Work through the documents in order:

  1. 01-CONCEPTS.md - Security concepts: secret sprawl, Shannon entropy, regex-based detection, false positive filtering, k-anonymity, SARIF
  2. 02-ARCHITECTURE.md - System design: pipeline architecture, concurrency model, data flow, component interactions
  3. 03-IMPLEMENTATION.md - Code walkthrough: every key file explained with line references
  4. 04-CHALLENGES.md - Extensions: pre-commit hooks, custom rules, incremental scanning, GitHub Actions

Common Issues

"No secrets detected" on real code: Your code might be clean. Try scanning testdata/fixtures/ first to confirm the tool works. If scanning real code, check that you're not excluding too many paths.
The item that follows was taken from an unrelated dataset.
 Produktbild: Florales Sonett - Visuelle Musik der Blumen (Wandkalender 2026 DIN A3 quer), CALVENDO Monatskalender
Use --verbose to see which files are being scanned.

Git scan is slow: Use --depth to limit how many commits to scan. --depth 100 scans the last 100 commits instead of the entire history. For a quick check, use --staged to scan only staged changes.

Too many false positives: Edit .portia.toml to add paths or values to the allowlist. You can also disable specific rules with rules.disable = ["generic-password"]. The filter system (stopwords, placeholders, templates) handles most cases, but project-specific patterns may need custom allowlisting.
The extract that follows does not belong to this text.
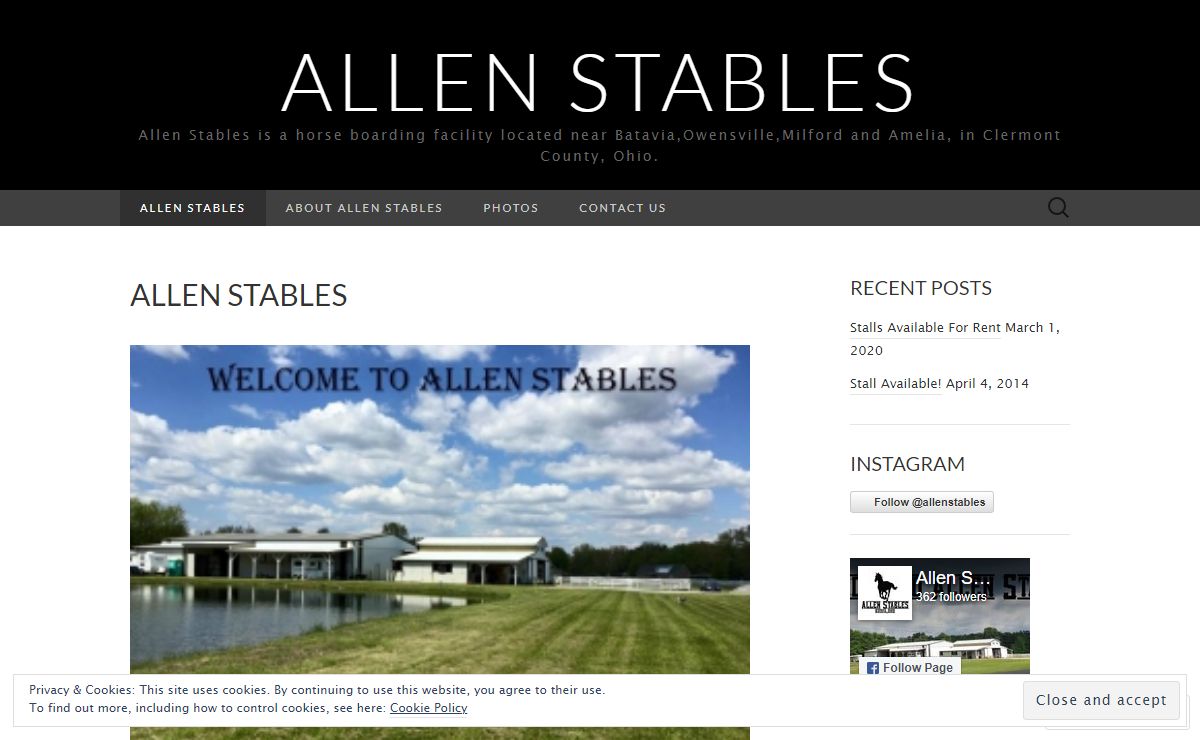 Allen Stables | Allen Stables is a horse boarding facility located near Batavia,Owensville,Milford and Amelia, in Clermont County, Ohio.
HIBP checking fails: The HIBP API has rate limits. The circuit breaker at internal/hibp/client.go will open after 5 consecutive failures, preventing further requests for 60 seconds. This is by design. If the API is consistently unavailable, the scan still completes without breach data.

Build errors with Go version: This project uses for range p.workers syntax which requires Go 1.22+. Check your version with go version.

Related Projects

Other projects in this repository that complement secrets scanning:

  • api-security-scanner (PROJECTS/intermediate/api-security-scanner/) - Scans APIs for security misconfigurations. Where Portia finds secrets in code, this project tests whether APIs are properly secured at runtime.
  • docker-security-audit (PROJECTS/intermediate/docker-security-audit/) - Audits Docker images and configs for security issues. Complements Portia by checking container environments where secrets are often exposed via environment variables.
  • api-rate-limiter (PROJECTS/advanced/api-rate-limiter/) - Implements rate limiting algorithms. Relevant because Portia's HIBP client uses the same circuit breaker pattern to handle external API rate limits gracefully.